Laplace Transform

• February 24th 2010, 04:42 PM
Aryth
Laplace Transform
I have only had a one hour lecture on these, so it is hard to think about these.

Show that $\cal{L}$ $[f'(t)] = sF(s) - f(0)$
• February 24th 2010, 06:33 PM
chisigma
Integrating by parts we obtain...

$\mathcal {L} \{f^{'}(t)\}= \int_{0}^{\infty} e^{-st}\cdot f^{'}(t)\cdot dt =$

$= |e^{-st}\cdot f(t)|_{0}^{\infty} + s\cdot \int_{0}^{\infty} e^{-st}\cdot f(t)\cdot dt =$

$s\cdot \int_{0}^{\infty} e^{-st}\cdot f(t)\cdot dt - f(0)= s\cdot F(s) - f(0)$ (1)

... where we use the fact that if $\mathcal{L} \{f(t)\}$ exists, then is...

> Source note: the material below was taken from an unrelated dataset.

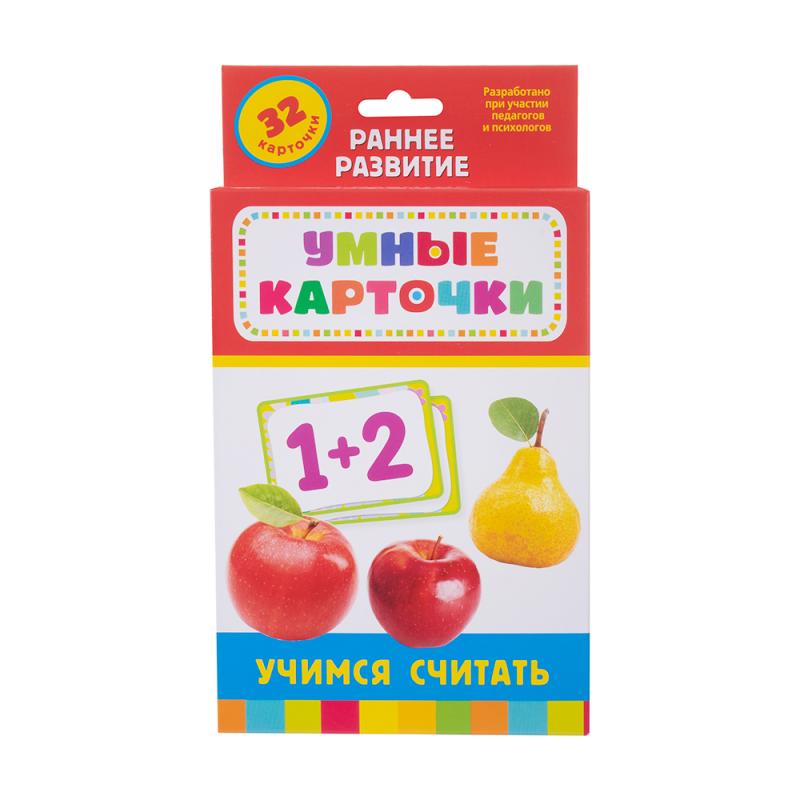 Серия "Умные карточки"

$\lim_{p \rightarrow \infty} e^{-sp} f(p) =0$ (2)

Kind regards

$\chi$ $\sigma$
• February 24th 2010, 06:37 PM
Aryth
I appreciate the help. Thanks.
• February 24th 2010, 08:28 PM
Aryth
I have one question with inverse transforms.

$\cal{L}$ $\left[\frac{s-1}{(s-3)(s+1)}\right]$
• February 24th 2010, 09:06 PM
chisigma
Applying the residue theorem we find...

$F(s)=\frac{s-1}{(s-3)\cdot (s+1)} = \frac{r(3)}{s-3} + \frac{r(-1)}{s+1}$ (1)

... where...

$r(3)= \lim_{s \rightarrow 3} F(s)\cdot (s-3)= \frac{1}{2}$

$r(-1)= \lim_{s \rightarrow -1} F(s)\cdot (s+1)= \frac{1}{2}$ (2)

... so that is...

$\mathcal {L}^{-1} \{\frac{s-1}{(s-3)\cdot (s+1)} \}= \frac{1}{2}\cdot e^{-t} + \frac{1}{2}\cdot e^{3t}$ (3)

Kind regards

$\chi$ $\sigma$
• February 24th 2010, 09:08 PM
oblixps
for the inverse transform use partial fractions to split the expression up. you can check if i did it correctly but i got (1/2)/(s-3) + (1/2)/(s+1). so you should be able to recognize these as laplace transforms of the exponential function. so you should get (1/2)e^(3t) + (1/2)e^(-t).
• February 25th 2010, 03:34 PM
oblixps
the laplace transform of te^(-t) should be 1/(s+1)^2, not 1.
• February 25th 2010, 03:46 PM
Aryth
Quote:

Originally Posted by oblixps
the laplace transform of te^(-t) should be 1/(s+1)^2, not 1.

I figured out that my solution was riddled with errors. Thanks for the help though. I appreciate it.